(The Graduate University for Advanced Studies, School of Cultural and Social Studies,
Kingship, Church, Commoner, Tonga, Fundraising, Obligation, Duty,
The Tongan local community and church have often organized programs of fundraising events. Much of the household income comes from remittances from overseas relatives. Such cash income is spent to support daily living and donation to the community and church.
In this paper, I focus on the money collecting systems in the ‘Eua island, located just a few kilometers off the south-eastern tip of Tongatapu. In an ‘Eua village, there are two types of money collecting systems: church-based (fakasiasi) and residential area -based (fakafonua). I examine how villagers use these systems in relation to Tongan traditional conception of commoner’s obligation or duty (fatongia). Fatongia means providing labor and food to chiefs as tribute. I first review anthropological research on Tongan fatongia. Researchers have understood fatongia not only as obligation and duty but also as reciprocity. I then illustrate some villagers’ behaviors concerning fakasiasi and fakafonua in village life. According to my own field data, cash contribution based on fakasiasi was more efficiently collected than fakafonua. This difference depended on who served as the administrator in the community.

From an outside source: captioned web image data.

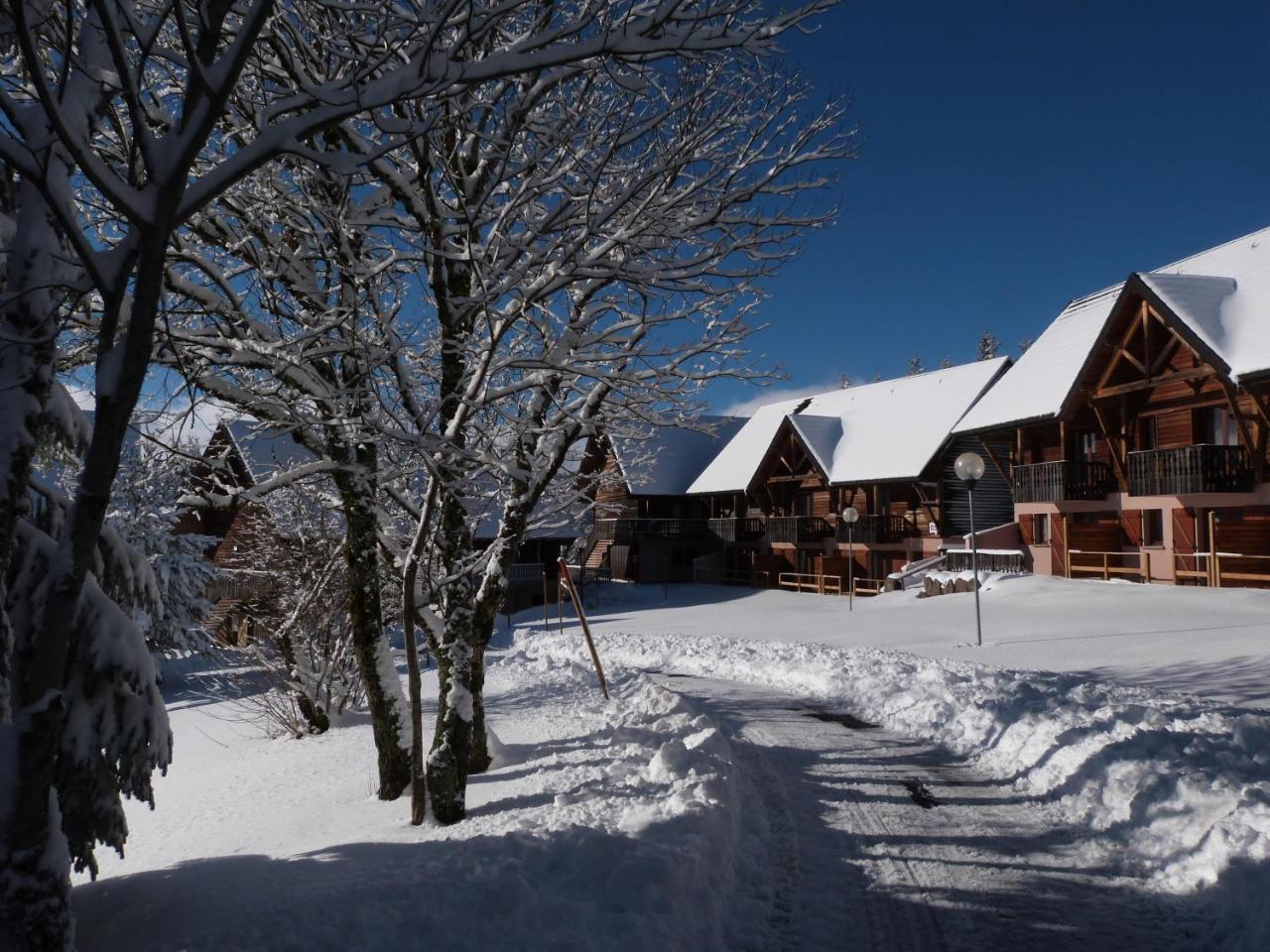 Residence Le Bois De La Reine Super Besse Eksteriør bilde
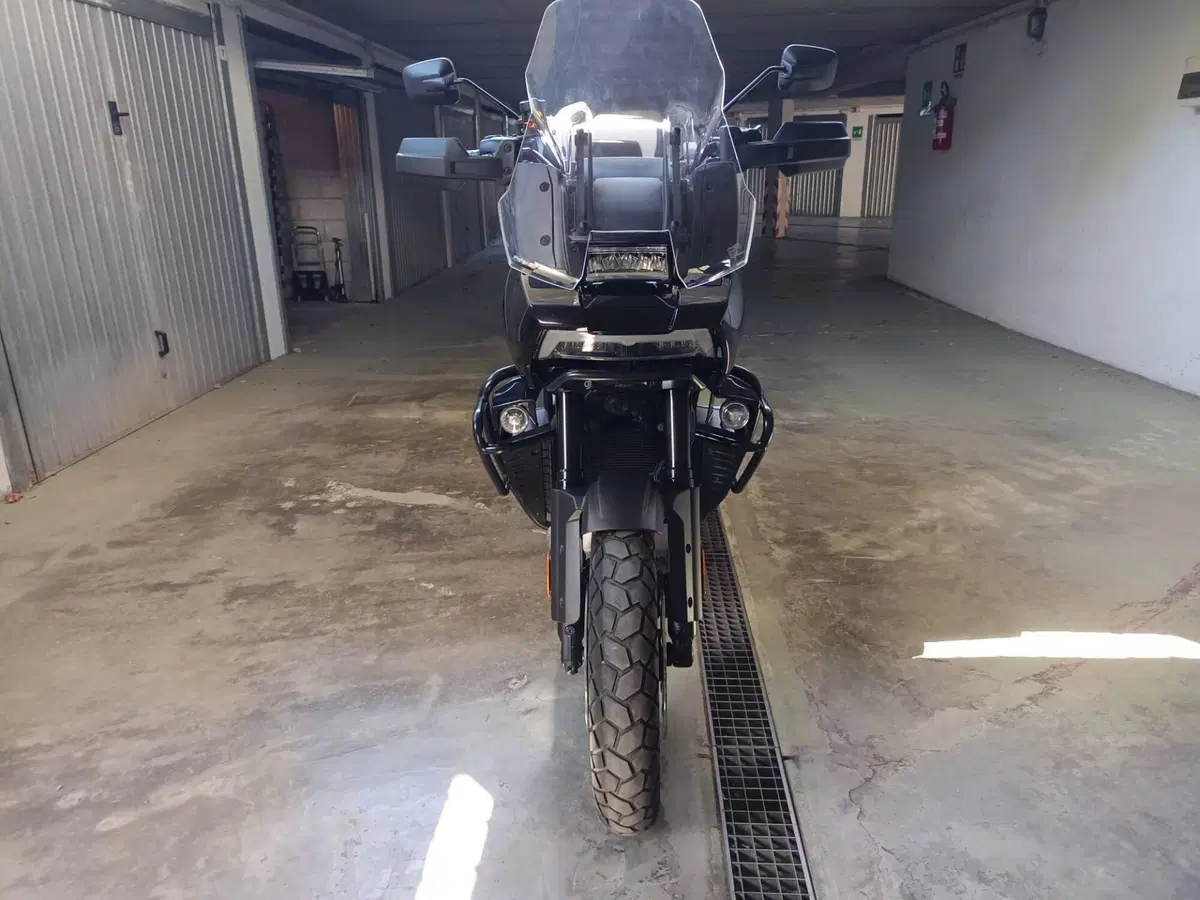Harley-Davidson Pan America 1250 Special (2020 - 25) (10)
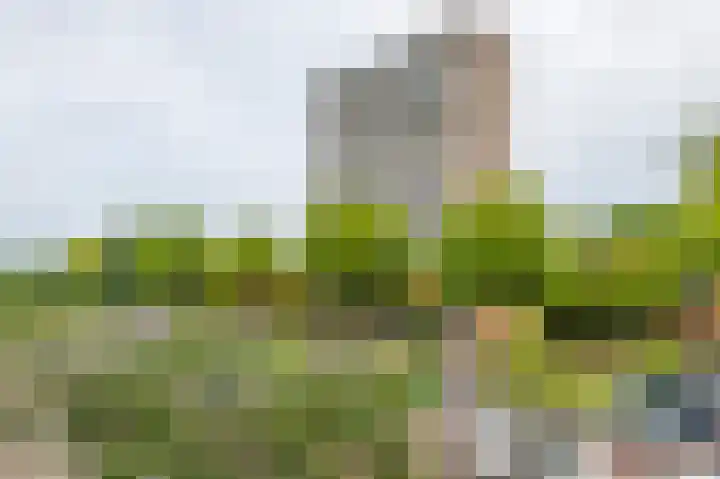 Hengelolaan 1158 B Den Haag thumbnail 6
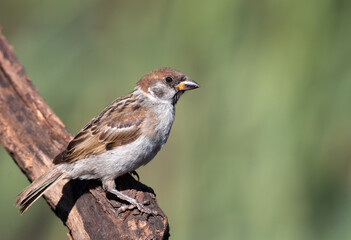 Eurasian tree sparrow, Passer montanus. Bird sitting on a branch, beautiful background
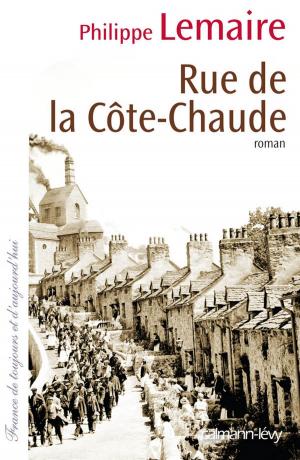 Cover of the book Rue de la côte-chaude by Jean-Pierre Winter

I argue, from a historical point of view, that King Tupou I tried to change the traditional political relationship between the chief and his people. In Tonga, the chief has traditionally been viewed as authority in religion and land by commoners. Therefore, fatongia to the chief has been considered as commoners’ duty. But recently, the commoners appear to incline more toward church leaders than local administrators. This reflects on how differently commoners react to fakasiasi and fakafonua in the context of modern Tonga. As a concluding remark, I would like to redefine fakasiasi and fakafonua in the money collecting system; fakasiasi depends on more internal moral principles rather than fakafonua.